Pictures with short captions:
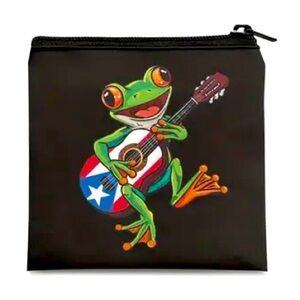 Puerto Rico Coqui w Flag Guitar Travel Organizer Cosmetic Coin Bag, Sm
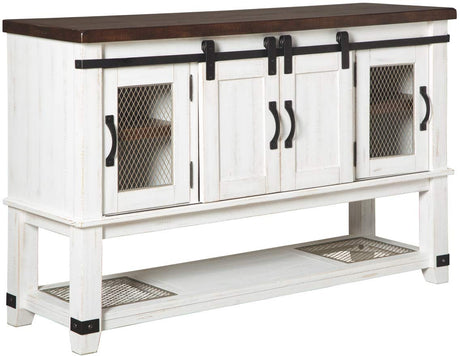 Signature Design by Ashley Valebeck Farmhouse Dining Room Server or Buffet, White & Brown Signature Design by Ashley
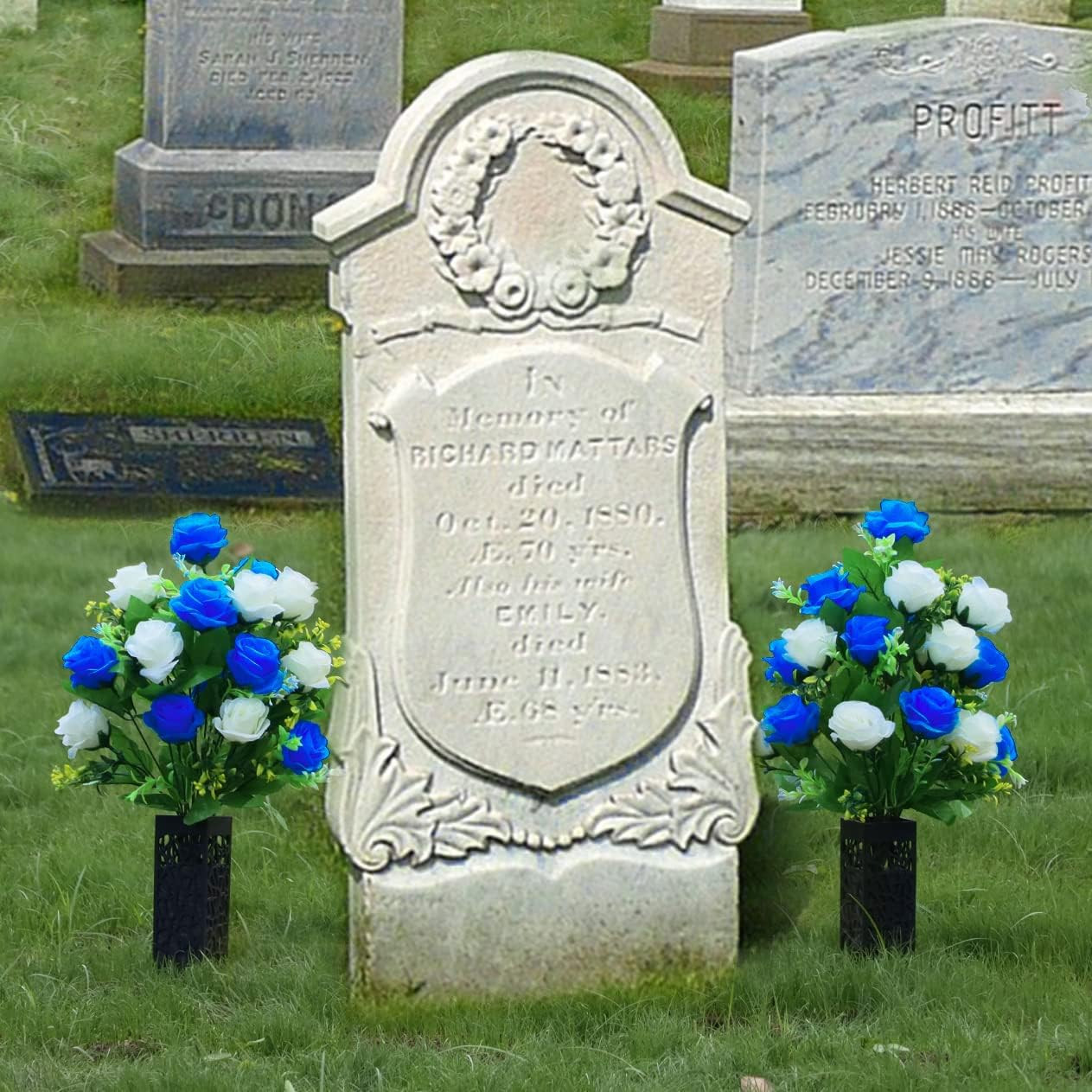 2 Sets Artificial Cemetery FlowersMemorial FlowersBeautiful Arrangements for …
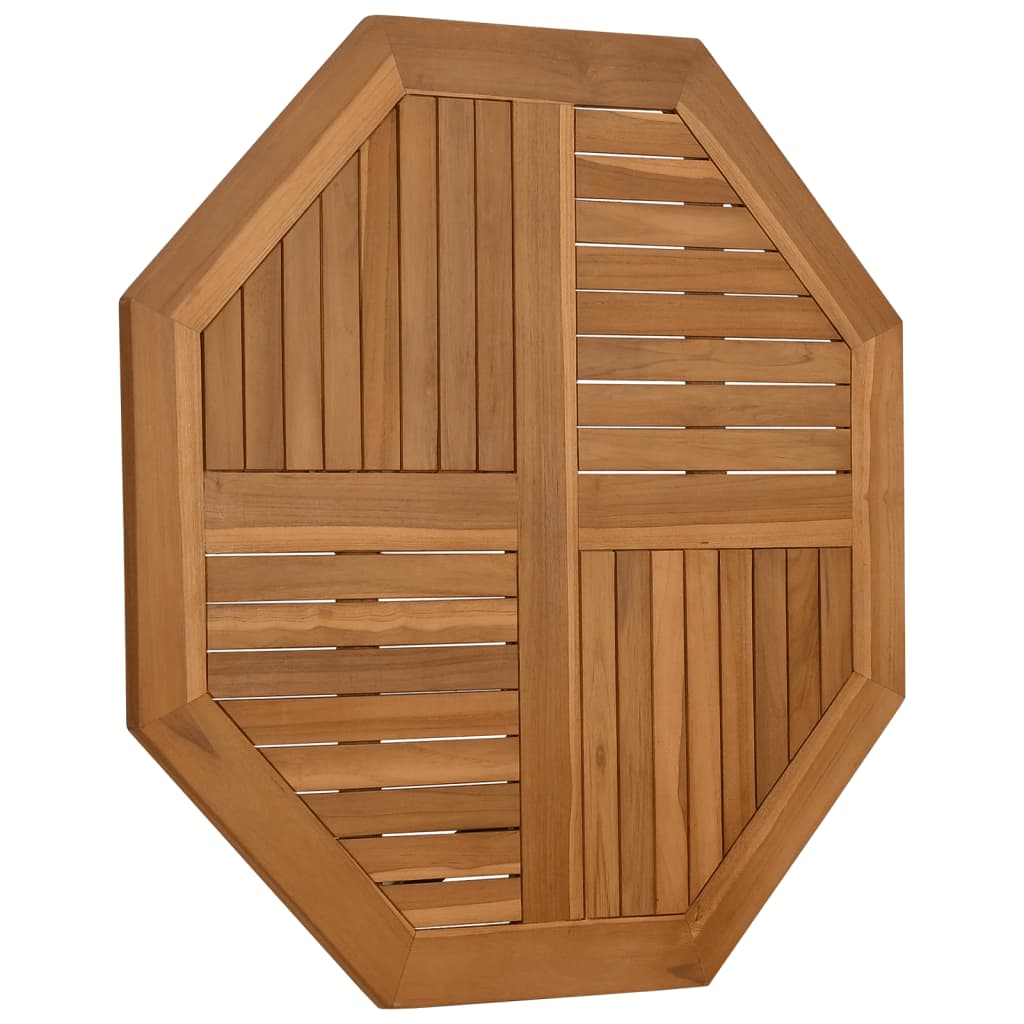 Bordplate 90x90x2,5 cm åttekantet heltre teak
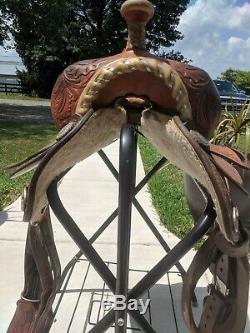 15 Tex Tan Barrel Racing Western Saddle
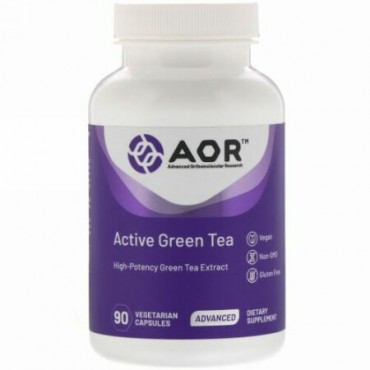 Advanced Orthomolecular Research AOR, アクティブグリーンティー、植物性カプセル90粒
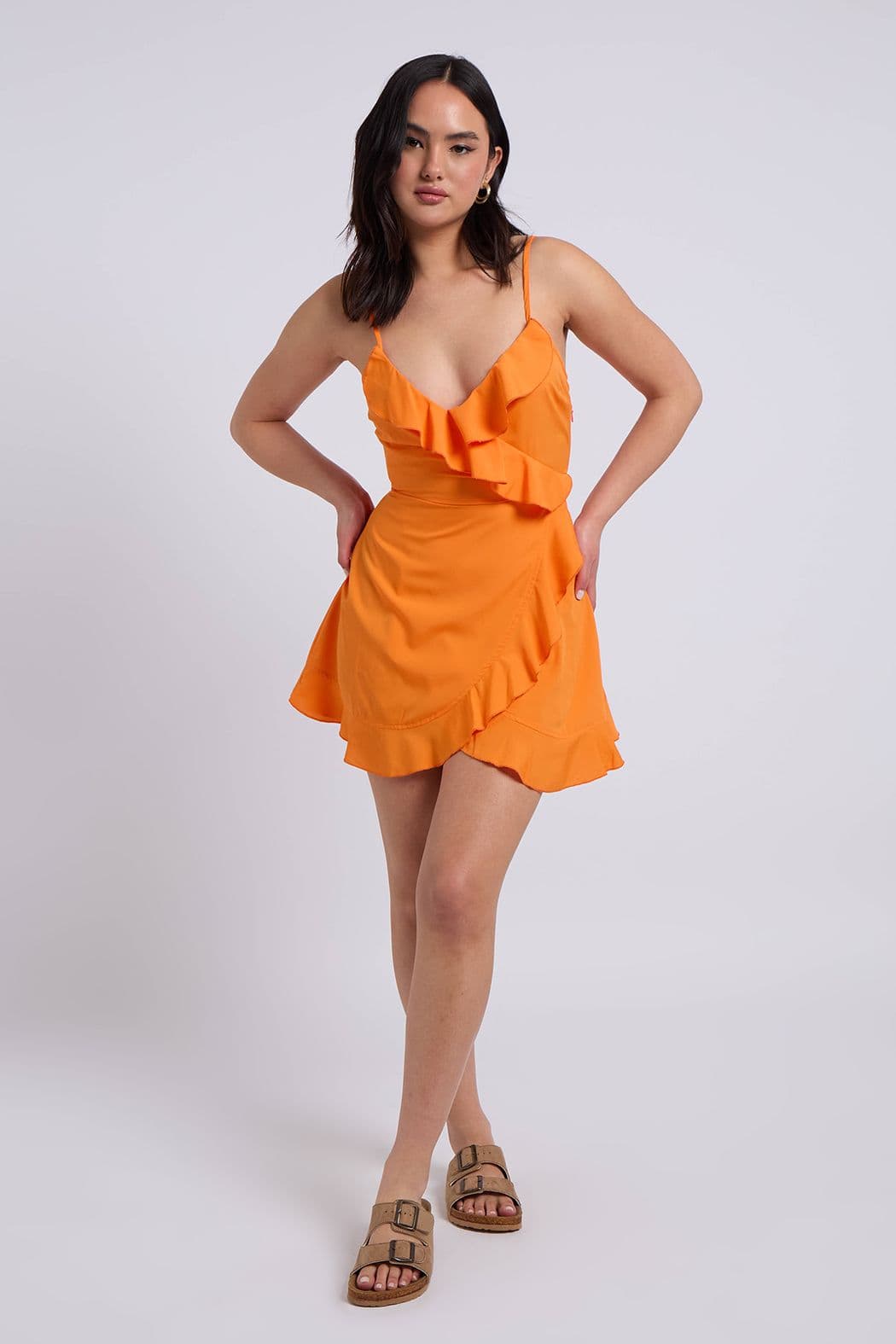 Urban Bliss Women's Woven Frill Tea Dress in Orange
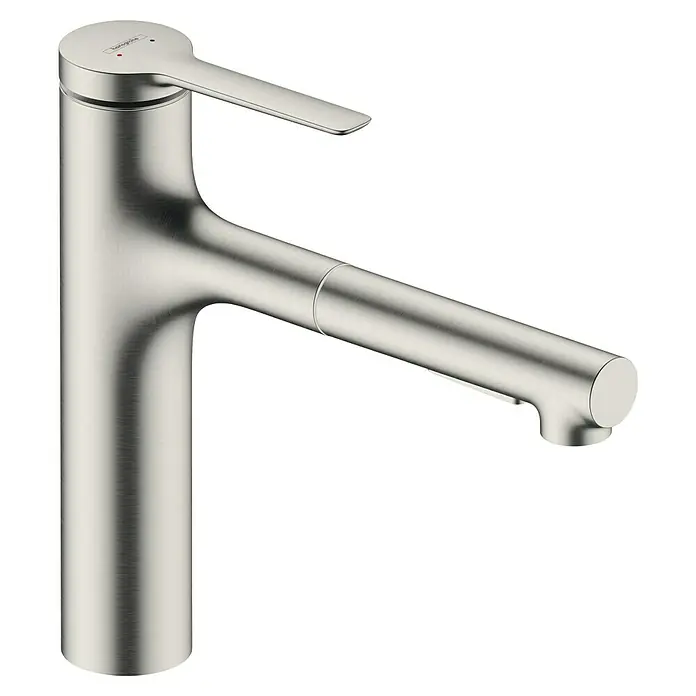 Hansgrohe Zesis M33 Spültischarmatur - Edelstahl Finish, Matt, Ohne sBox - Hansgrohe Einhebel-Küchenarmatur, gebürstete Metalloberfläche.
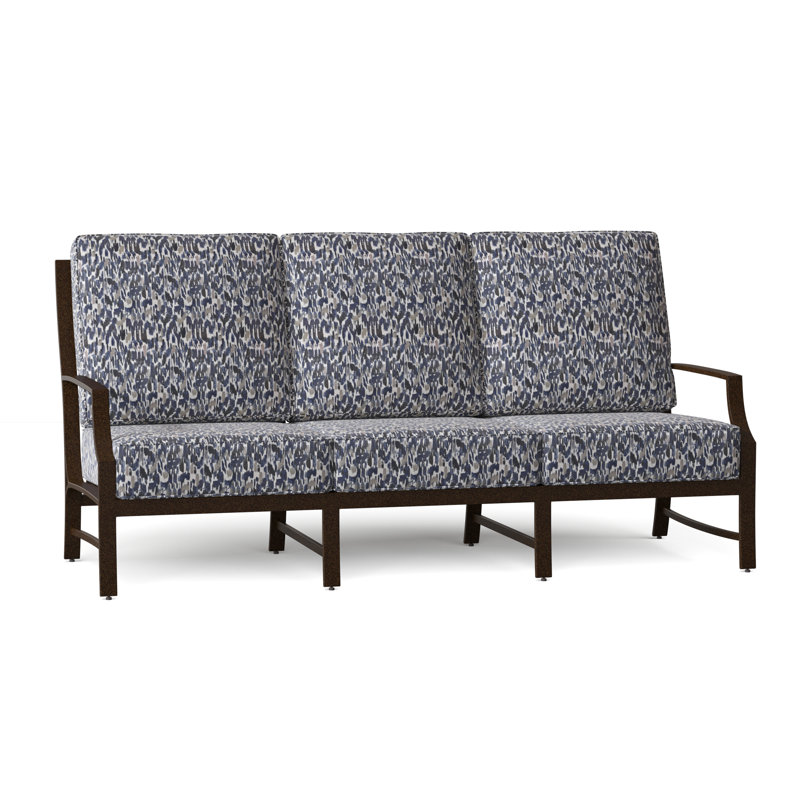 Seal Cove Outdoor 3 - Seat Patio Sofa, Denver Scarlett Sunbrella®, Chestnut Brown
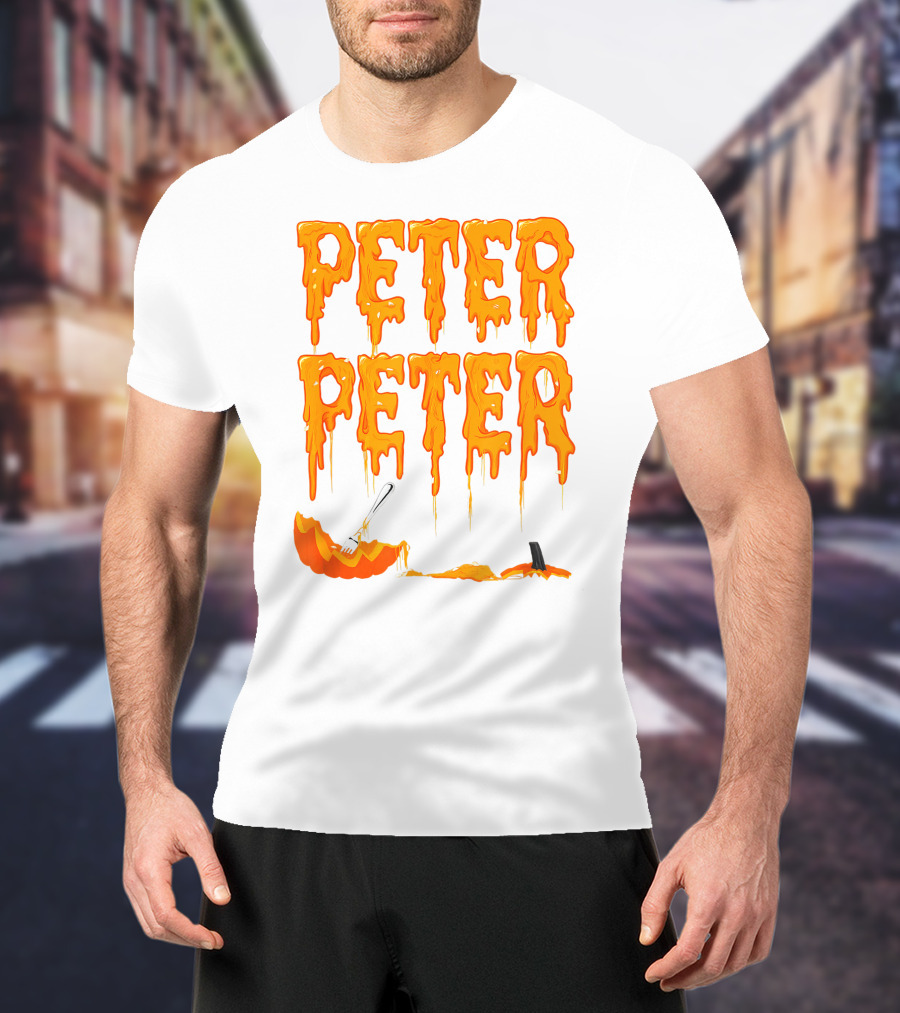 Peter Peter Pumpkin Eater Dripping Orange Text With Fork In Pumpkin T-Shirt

* _Task to complete_
Up to and including the line containing "Hansgrohe Zesis M33", repeat every line from the start of the data, but none of the pictures.

* _Solved problem_
 Puerto Rico Coqui w Flag Guitar Travel Organizer Cosmetic Coin Bag, Sm
 Signature Design by Ashley Valebeck Farmhouse Dining Room Server or Buffet, White & Brown Signature Design by Ashley
 2 Sets Artificial Cemetery FlowersMemorial FlowersBeautiful Arrangements for …
 Bordplate 90x90x2,5 cm åttekantet heltre teak
 15 Tex Tan Barrel Racing Western Saddle
 Advanced Orthomolecular Research AOR, アクティブグリーンティー、植物性カプセル90粒
 Urban Bliss Women's Woven Frill Tea Dress in Orange
 Hansgrohe Zesis M33 Spültischarmatur - Edelstahl Finish, Matt, Ohne sBox - Hansgrohe Einhebel-Küchenarmatur, gebürstete Metalloberfläche.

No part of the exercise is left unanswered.